In God Is Undead, Chiesa and Johnston delve into and deepen the insights of both Freudian and Lacanian psychoanalysis as regards unbelief. This analytic perspective reveals that modern atheisms appealing to a scientific worldview as an antidote to orthodox religious faith end up as heterodox theisms of Nature, Reason, Knowledge, or even the Market itself. They ironically place new gods of their own atop the graves of the traditional gods of old. They likewise forget the religious influences underlying modern science.

One of the most important and novel contributions of God Is Undead is its gesture of dignifying unbelief as something that is able to contain multitudes. Far from a unified, homogeneous, and flatly bleak position, irreligiosity can come in many forms whose convergences and divergences contain possibilities for creatively thinking and living differently. This book shows such variegated non-belief in action. We have two unbelievers vigorously disagreeing with each other about fundamental ontological matters, thereby bringing to light critical questions going to the very heart of any unbelief whatsoever: Can an atheism, as thoroughly atheistic, ever believe in or be certain of itself? What is the role of agnosticism, and specifically of an agnosticism strengthening (rather than contrasting with) atheism, in all this?
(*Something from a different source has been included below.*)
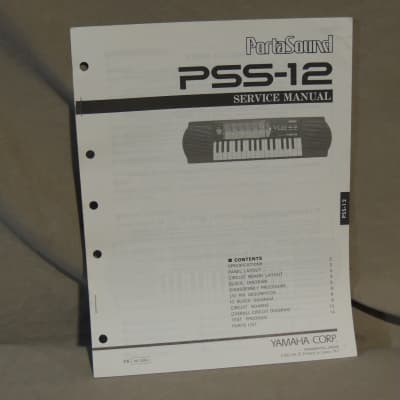 Yamaha PortaSound PSS-12 Service Manual [Three Wave Music]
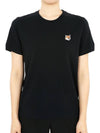 Fox Head Patch Regular Short Sleeve T-Shirt Black - MAISON KITSUNE - BALAAN 3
How might different unbelievers become what Freud calls “comrades in unbelief” without erecting new gods in the process?

Lorenzo Chiesa is Senior Lecturer at the University of Newcastle, UK. He has published widely on political philosophy, psychoanalysis and political theology.

Adrian Johnston is a Distinguished Professor in the Department of Philosophy at the University of New Mexico, USA, and a faculty member at the Emory Psychoanalytic Institute in Atlanta, USA.